▶ _What the task asks_:
Give back all of the data exactly, with every picture omitted.
Start of Block
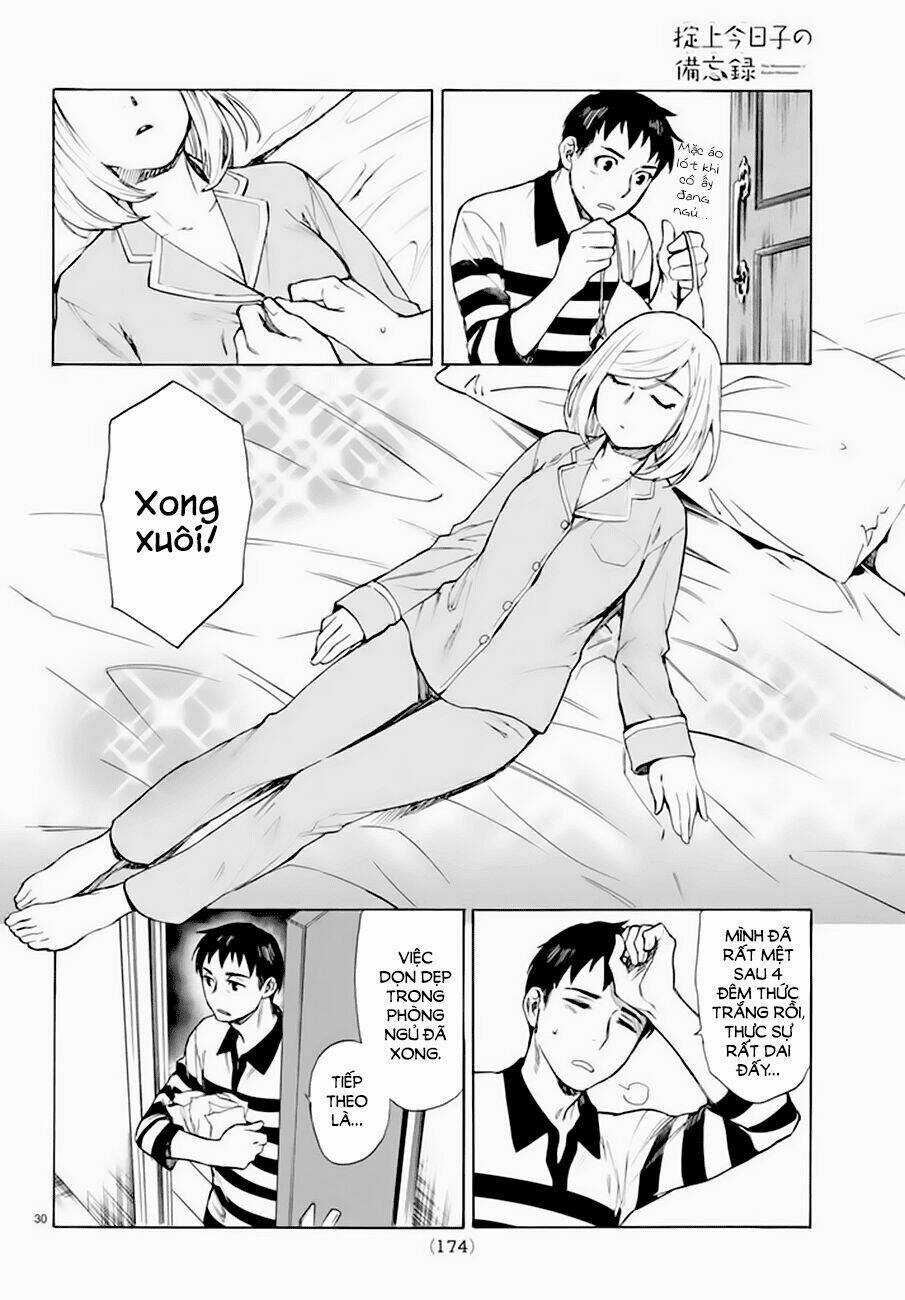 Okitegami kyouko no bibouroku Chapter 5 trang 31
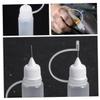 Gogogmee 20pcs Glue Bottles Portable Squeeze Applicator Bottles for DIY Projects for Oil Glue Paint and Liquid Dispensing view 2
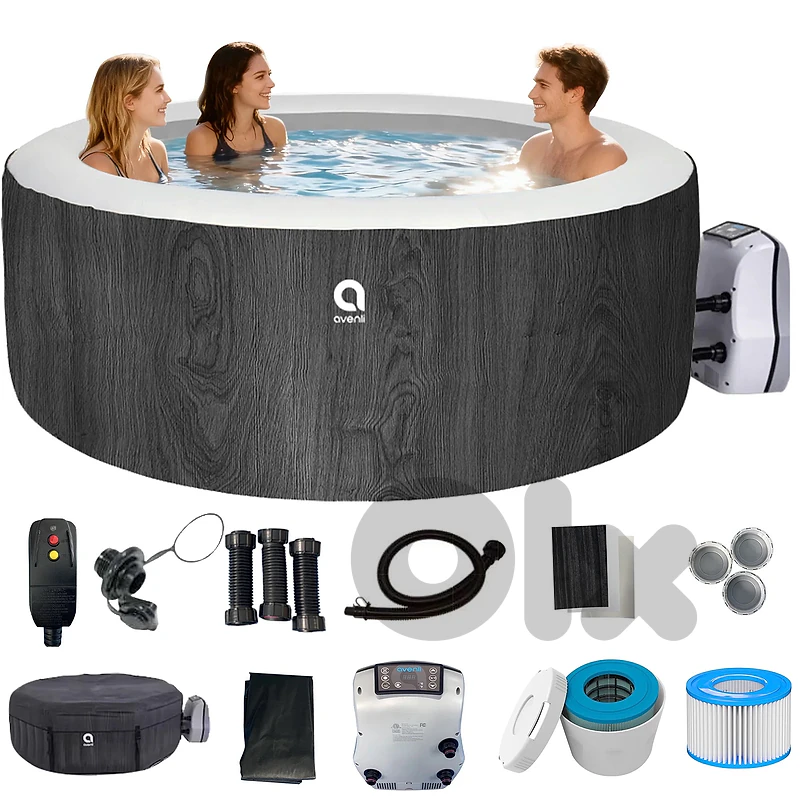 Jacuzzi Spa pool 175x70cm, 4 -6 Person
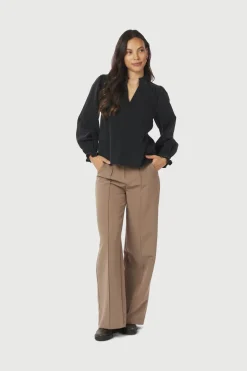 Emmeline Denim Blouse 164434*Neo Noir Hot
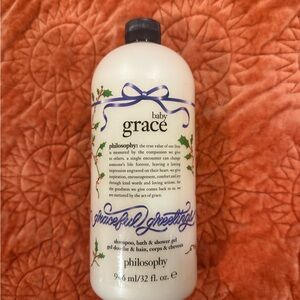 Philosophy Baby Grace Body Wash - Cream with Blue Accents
End of Block
▶ _Written response_:
 Okitegami kyouko no bibouroku Chapter 5 trang 31
 Gogogmee 20pcs Glue Bottles Portable Squeeze Applicator Bottles for DIY Projects for Oil Glue Paint and Liquid Dispensing view 2
 Jacuzzi Spa pool 175x70cm, 4 -6 Person
 Emmeline Denim Blouse 164434*Neo Noir Hot
 Philosophy Baby Grace Body Wash - Cream with Blue Accents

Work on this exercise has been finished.